Denn die Angelegenheit wirft auch ihre Schatten auf die Neubesetzung des OeNB-Chefsessels. Bislang galten die beiden als potenzielle Kandidaten für die Nachfolge von Ewald Nowotny. Dessen Amtszeit als OeNB-Gouverneur endet bekanntlich 2013. Der 67-jährige Nowotny wäre zwar an einer Verlängerung interessiert. Doch die fehlende Hausmacht in der SPÖ unter Kanzler Werner Faymann wird das wohl verhindern.

Die Übergabe an den 54-jährigen Zöllner sollte den Generationenwechsel einleiten. Das war der Plan der Strategen in der SPÖ-Zentrale. Im Lichte der aktuellen Ereignisse ist das Schnee von gestern. Für Zöllner ist der Zug abgefahren, heißt es. Dasselbe gilt für Duchatczek. Der Einfluss seines Freundes Wolfgang Schüssel half bisher. Doch seit dieser weg ist, sinken auch Duchatczeks Chancen. Als Gouverneur in Pension zu gehen wird für den 62-Jährigen wahrscheinlich ein Wunschtraum bleiben.

Happy Trudy

Die lachende Dritte ist Gertrude Tumpel-Gugerell. Die 59-Jährige wird laut FORMAT-Informationen jetzt als mögliche OeNB-Gouverneurin gehandelt. Die Volkswirtin war von 2003 bis Ende Mai 2011 Mitglied im Direktorium der Europäischen Zentralbank (EZB) und wird über die Parteigrenzen hinaus geschätzt. Vor ihrem Wechsel nach Frankfurt war sie Vizegouverneurin der Nationalbank und ist somit eine Kennerin des Hauses. Bei der staatlichen Banken-Holding Fimbag, der gemeindeeigenen Wien Holding und der ÖBB-Holding AG sitzt sie seit Sommer im Aufsichtsrat. Auch die OeBS kennt die Ehefrau von AK-Präsident Herbert Tumpel: Vor ihrem Wechsel nach Frankfurt im Jahr 2003 saß sie dort im Aufsichtsrat.

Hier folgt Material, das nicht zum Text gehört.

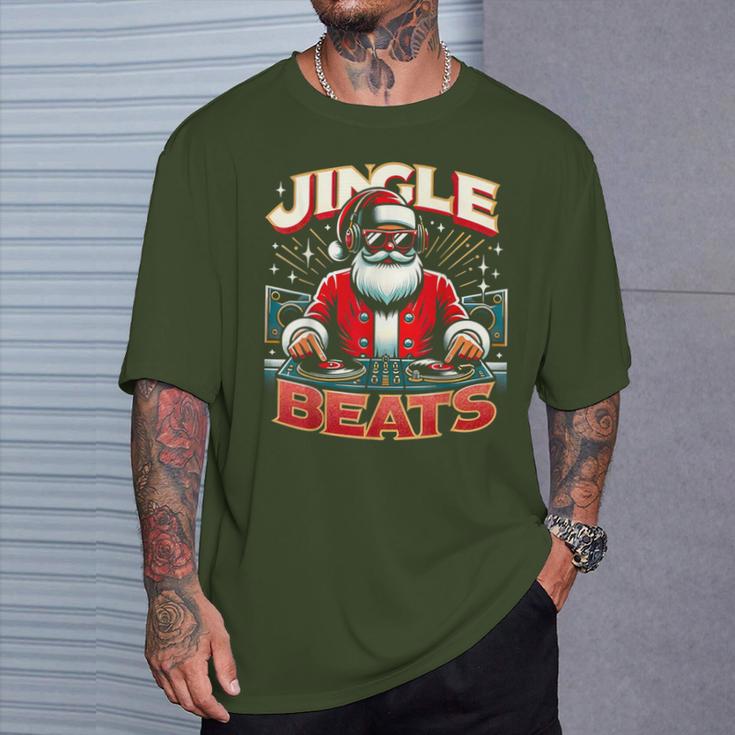 Jingle Beats Music Dj Santa Christmas Ugly Xmas T-Shirt Geschenke für Ihn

Die kurze OeBS-Zeit belastet Tumpel-Gugerell aber nicht. Denn wie die Ermittler nun wissen, ging es mit den Provisionsgeschäften erst ab 2004 so richtig los. Damals wurde ein gewisser Kurt Meyer als Sonderbeauftragter in die damals wirtschaftlich angeschlagene OeBS gesandt. Im selben Jahr wechselte auch der damalige OeNB-Chefbuchhalter Michael Wolf in die Druckerei-Geschäftsführung. Gemeinsam mit Marketingchefin Tanasescu bauten die drei ein kompliziertes Schmiergeldsystem auf, das die Nationalbank von 2006 bis 2011 mehr als 21 Millionen Euro kosten sollte.

Meyer soll Duchatczek darüber regelmäßig informiert haben, behauptet die beschuldigte Tanasescu. Das korrupte Meyer-Wolf-System stellt sie am Beispiel Aserbaidschan so dar: Das Bargeld erhielt sie von der OeBS „per Antrag“. Damit flog sie nach Aserbaidschan, wo sie es an den Empfänger übergab und sich „eine Rechnung für Consultancy“ ausstellen ließ. Reingewaschen wurde die Transaktion zunächst über die Reiseabrechnung und später über eine in Panama domizilierte Briefkastenfirma namens „Venkoy“. Dass es Kickbacks an OeBS-Organe gab, kann derzeit nicht ausgeschlossen werden. Dazu wären Kontenöffnungen nötig.

Kommissar Schlafmütze

Fakt ist: In den Jahren 2008 und 2009 wurden die Schmiergeldflüsse von der Bawag PSK und der UniCredit beim Bundeskriminalamt angezeigt. Und was machte die Polizei? Sie befragte OeBS-Boss Wolf zwar zu den Venkoy-Zahlungen. Doch Wolfs Aussage, dass alles okay sei, reichte als Begründung, um das Geldwäscheverfahren einzustellen.

In der Nationalbank will man sich zum nunmehr eingeleiteten Strafverfahren nicht äußern. Der Antrag auf Rechtsschutz für Duchatczek und Zöllner wird aber inoffiziell bestätigt.